Badly formed HTML in Aras FormattedText Fields

オフライン

I have the following scenario.

I have a report action bound to an item type which performs a REST call to the Microsoft SSRS Report Server with a delimited set of IDs.

The RDL Report performs an SQL query against a fixed ItemType to retrieve the meta-data for the given IDs.

Problem #1: 

Several of the fields are of type FormattedText - although the relevant value may only be a few lines of text, Aras packs so much HTML and JavaScript around them that these Fields can exceed 100k characters.  If generating an XLS report, there is a hard limit on the length of any given cell (32767 characters) - if this limit is exceeded, the report blows up with a HTTP Response Code error.

Potential Solution #1.

I wrote a simple SQL Function to convert the formatted text field string to XML and back again to a NVARCHAR(max) which effectively strips all XML elements from the text...the *magic* happens in this statement.

  -- convert to XML and back to VARCHAR(max) again
  SET @result = CONVERT(XML, @result , 1).value('.', 'NVARCHAR(max)');

Problem #2:

In several data sets the FormattedText fields contain HTML string content which is not valid XML.   In this case, the conversion function blows up.

Examples:

  • undefined namespace prefixes:  '<o:p>...</o:p>'  (note: the prefix can vary)
  • invalid attribute definitions:  '<br \="" ... >

This means I have to identify and correct each special case with time-consuming REPLACE(Column, Find, Replace) calls - a few of those on 100k+ character strings starts to blow up the query times.  Only when the string is *clean* can I try to convert it to XML.  For example,

  SET @result = REPLACE(REPLACE(@result, '<o:p','<p'), '</o:p', '</p');
  SET @result = REPLACE(REPLACE(@result, '<u5:p','<p'), '</u5:p', '</p');
  SET @result = REPLACE(@result, '\=""', '');

I could go and fix each *special case* with one-time SQL scripts, but I cannot *guarantee* that Aras will not write new fields with invalid XML.

So my question is can Aras take a look at the formatted fields and *guarantee* that they will no longer write poorly-formed XML(HTML).  Maybe they could provide an out-of-the-box SQL functionality to make it possible properly prepare FormattedText fields for export.

NOTE: Maybe this has already been resolved - our current customer project is still using Aras 11 SP9. 
In that case, we just need to clean the old data and we are good to go.

Parents
  • Hi JWT007,

    Are you seeing this behavior on standard ItemTypes? If so, could you specify which one(s), so I can take a look at this in a more current version to see if this is still present?

    Chris

  • Hi Christopher, thanks for the quick response.

    Unfortunately (if I am not mistaken) the only OOTB FormattedText property in the Aras InnovatorSolutions database is on the "Help" ItemType - which is empty by default.

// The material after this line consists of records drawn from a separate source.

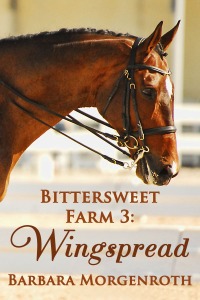 The 3rd Bittersweet Farm book from Barbara Morgenroth, Wingspread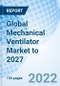 Global Mechanical Ventilator Market to 2027 - Product Image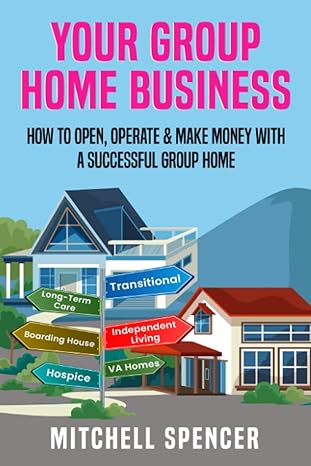 your group home business how to open operate and make money with a successful group home 1st edition mitchell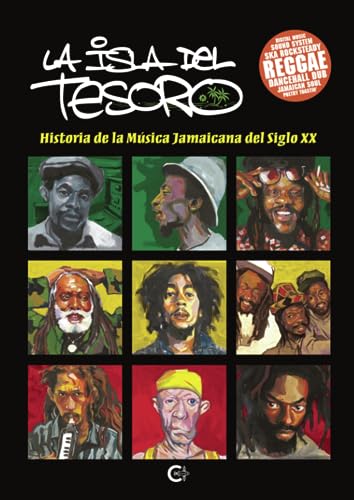 La isla del tesoro: historia de la música jamaicana del siglo XX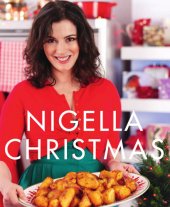 book Nigella Christmas: food, family, friends, festivities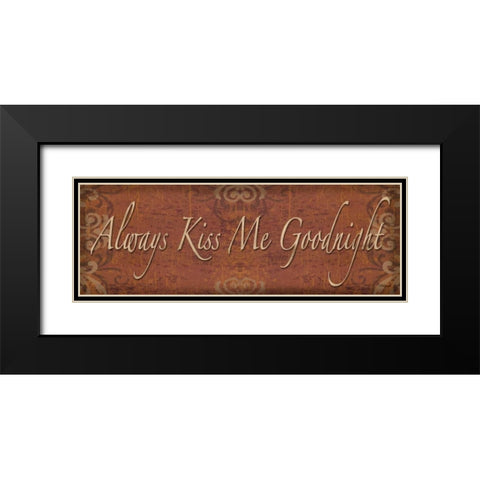 Always Kiss Me Goodnight Black Modern Wood Framed Art Print with Double Matting by Williams, Todd
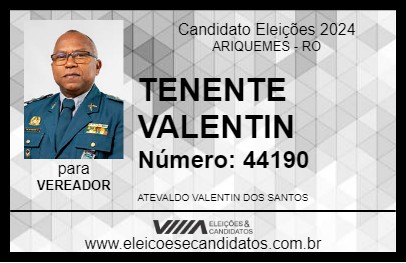 Candidato TENENTE VALENTIN 2024 - ARIQUEMES - Eleições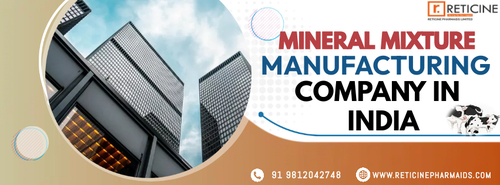 MINERAL MIXTURE MANUFACTURING COMPANY IN INDIA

    So while I am sure I could fudge some broken data :) I am not sure that would prove anything.

    In our customer project we have some item types that rely heavily on the FormattedText fields - but all in custom item-types.

  • I see. I set up a custom ItemType with a formatted text property then and tested this in a local 12.0 SP4 instance. While I'm not seeing anything unexpected, I'm also testing it with relatively simple data.

    Are you able to elaborate on how the formatted text field is being used and what kind of data you're trying to retrieve? Are you trying to access a list of values stored inside of an HTML table for instance?

    Chris

Reply
  • I see. I set up a custom ItemType with a formatted text property then and tested this in a local 12.0 SP4 instance. While I'm not seeing anything unexpected, I'm also testing it with relatively simple data.

    Are you able to elaborate on how the formatted text field is being used and what kind of data you're trying to retrieve? Are you trying to access a list of values stored inside of an HTML table for instance?

    Chris

Children
  • Nothing special some fields have a bold header .. few are more than a few lines long.

    Here an example (have to obfuscate a bit to not get in trouble with the customer :P)

    To be implemented by  FOO BAR team for FOO-XYZ (ref. ABC_CFG_001-PTF Configuration management throught MMI).
    To be implemented by FOO L2 team for FOO-AAA.
    FOO-AAA is not operational yet and not handed over to OPS, but must be kept aligned to FOO-XYZ. 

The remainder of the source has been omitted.